So she drags the poor dog inside...hands the leash to her lump of a husband and proceeds to lecture the receptionist on how she knows this dog has rabies. The dog sees me and starts wagging it's little tail since it's someone new to sniff. The dog walks over to me, and I'm usually pretty good at determining if an animal has bad intentions or not...this one was not a threat at all. The lady flips out and yells at her husband to "Get that dog away from him!". After that she proceeds to argue with the receptionist and vet about rabies some more, and how she "looked it up on the internet" and this dog definitely has rabies. It was a disgusting display right there in front of her young kid... she was insisting that her dog be put down, beheaded and then the head shipped off to be tested for rabies... right in front of her kid, while ignoring what the head vet and owner of the biggest vet office in our city had to say.

When I got home that night it was bugging the **** out of me. The dogs eyes and the look it gave me when it was just coming over to sniff me was stuck in my head. I finally thought of something I could do to try to help this poor dog. I called the vet and asked them to tell that lady that I would pay for the boarding of the dog, and take the dog off of her hands so she didn't have to deal with it any more or pay any money for anything involving the dog.

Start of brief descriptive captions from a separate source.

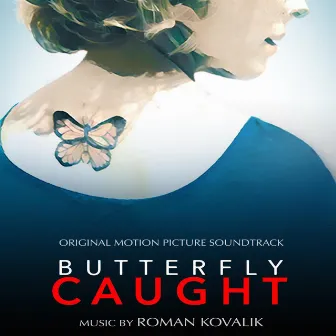 Butterfly Caught (Original Motion Picture Soundtrack) by Roman Kovalik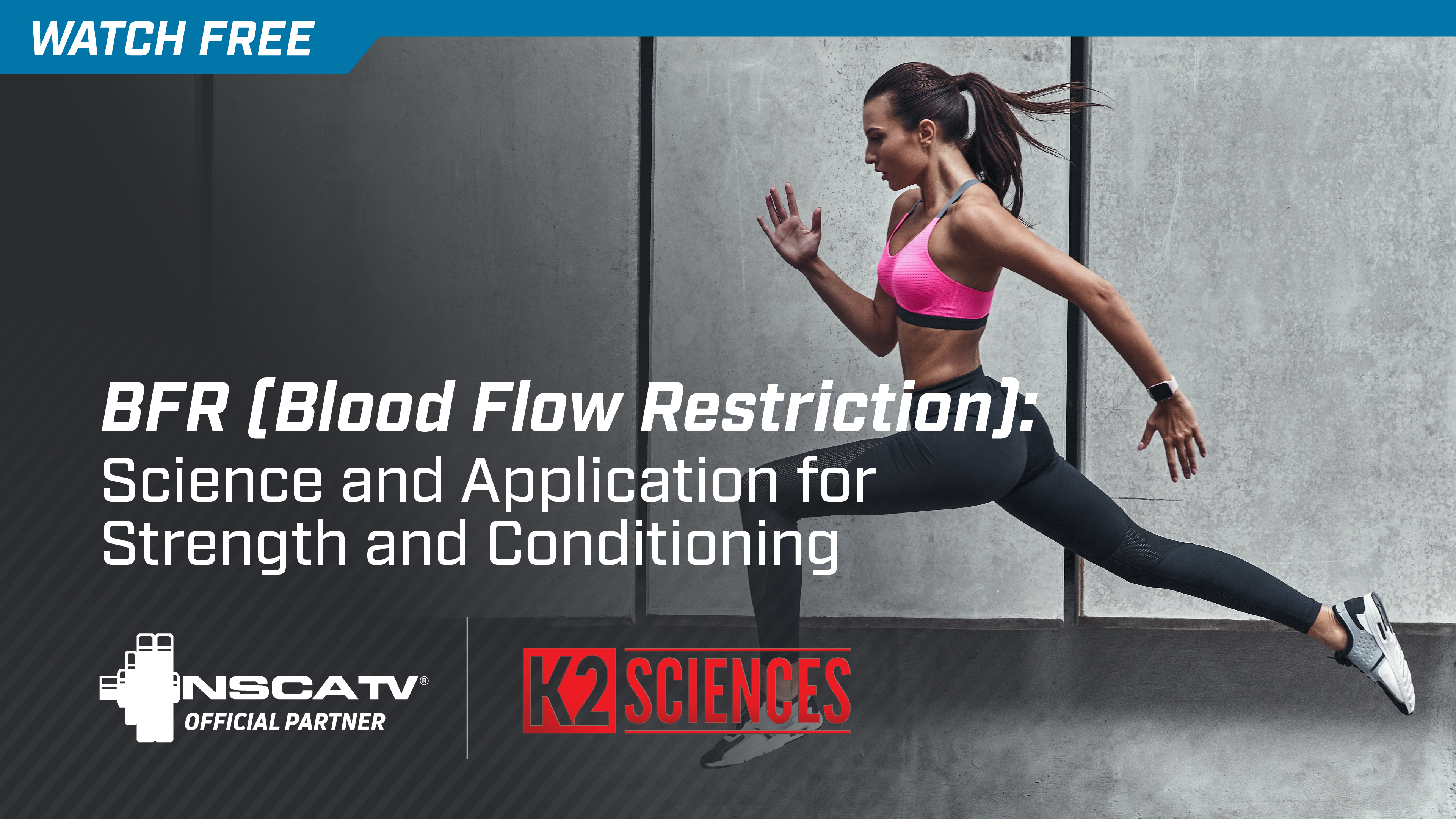 K2 Sciences Blood Flow Restriction For Strength & Conditioning - NSCA TV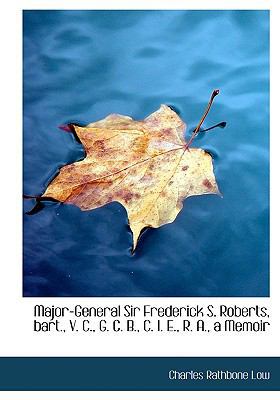 Major-General Sir Frederick S. Roberts, Bart., ... 1113813148 Book Cover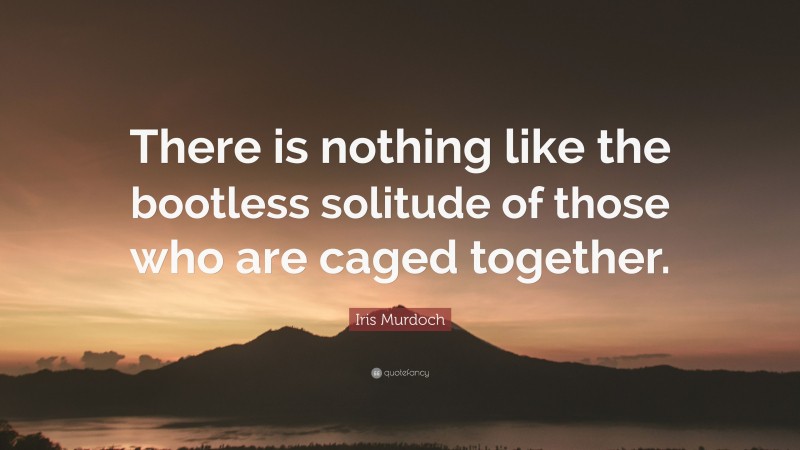 Iris Murdoch Quote: “There is nothing like the bootless solitude of those who are caged together.”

It was really hard not to offer to also pay to have the owner euthanized instead... I'm sure the receptionist would've cracked up about that.

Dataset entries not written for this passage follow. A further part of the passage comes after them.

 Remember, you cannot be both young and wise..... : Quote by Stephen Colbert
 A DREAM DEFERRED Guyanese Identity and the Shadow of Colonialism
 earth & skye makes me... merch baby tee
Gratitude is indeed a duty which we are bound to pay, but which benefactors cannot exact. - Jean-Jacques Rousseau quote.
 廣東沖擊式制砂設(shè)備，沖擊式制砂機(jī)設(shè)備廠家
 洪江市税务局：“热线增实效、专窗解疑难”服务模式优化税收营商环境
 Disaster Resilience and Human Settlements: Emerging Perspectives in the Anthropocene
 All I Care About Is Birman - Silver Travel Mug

I called the vets office back the next day to see if they'd heard back from the lady or not. Unfortunately the last thing they heard from the lady was after she talked to the vet again that night. She came back and picked up her dog, and did not schedule to have it euthanized (at least not at that vet). It was kind of out of their hands at that point. My hope is she calmed down finally or her kid talked some sense into her and they decided to let the dog live. 

I remember that night talking to my sister about this, who worked at a no-kill shelter and has seen her fair share of human nastiness... I believe I said something along the lines of "sometimes I really hate humans...". It still bugs me that I don't know for sure what happened to that poor dog... The look that dog gave me when it tried to sniff me is kind of burned into my memory 

Sorry for the long rant/story.. I know there are a lot of good people out there too who would never mistreat an animal... look at this message board for example! The bad ones always stick out in my mind though...there seem to be so many of them out there...


----------



## Pawsitively Nicole (Feb 12, 2011)

JohnMT what a sad situation  Someone like that doesn't deserve to own a pet!

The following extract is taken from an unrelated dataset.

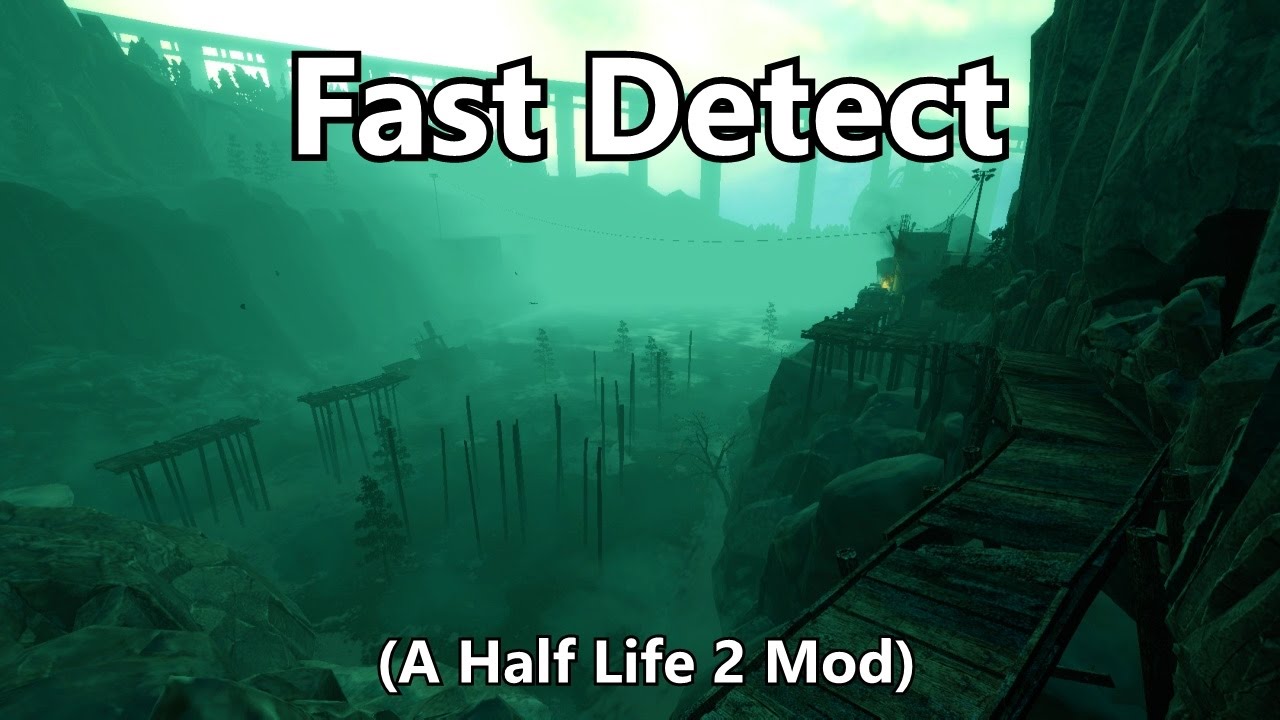 Fast Detect - Full Mod Analysis (Half Life 2 Mod) Part 2 - YouTube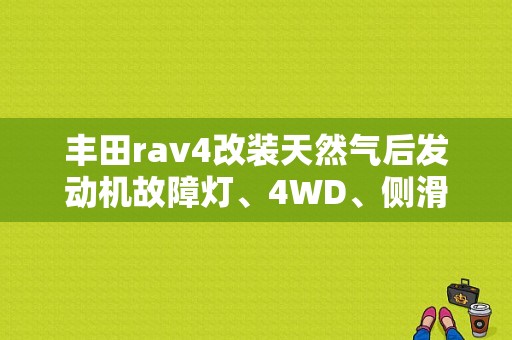 丰田rav4改装天然气后发动机故障灯、4WD、侧滑灯亮是什么毛病？请帮忙？丰田rav4的故障灯图解说明-图1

I understand, I could go on and on with situations of abuse I encountered when working at the shelter. It seems like shelter work is one of those places where you constantly uncover the bad and don't hear about the good nearly as often (kinda like the news lol). I guess it's cause shelters deal so much with the unwanted and neglected pets and not the happy pet owners.

I only ever encountered one case of someone wanting a cat for another *animal* to abuse. Yes, this was a serious adopter. He said his cat was a bit crazy, and he would walk by and stuff and the cat would just attack him. He showed me these huge scars on his legs and the puncture wounds on his arms. These were very serious, damaging attacks. And this guy actually found this behavior funny! But he was tired of being injured. So he wanted to adopt a cat from the shelter that could be the punching bag for his current cat, he used those words, that would stand up for itself and not run away (cause his cat would find that cowardly) but not fight back either and just take the abuse (if it fought back he was certain his cat would kill it). He was certain that if the adopted cat would not run but not fight back either that his cat would just knock it around a bit but not hurt it, leaving his cats needs satisfied and it no longer attacking humans. Plus he wanted a cat that would cuddle with them since the current cat wouldn't. To be certain we said "So you want to adopt a cat so that your current cat can abuse it and not you?" He said "Yes."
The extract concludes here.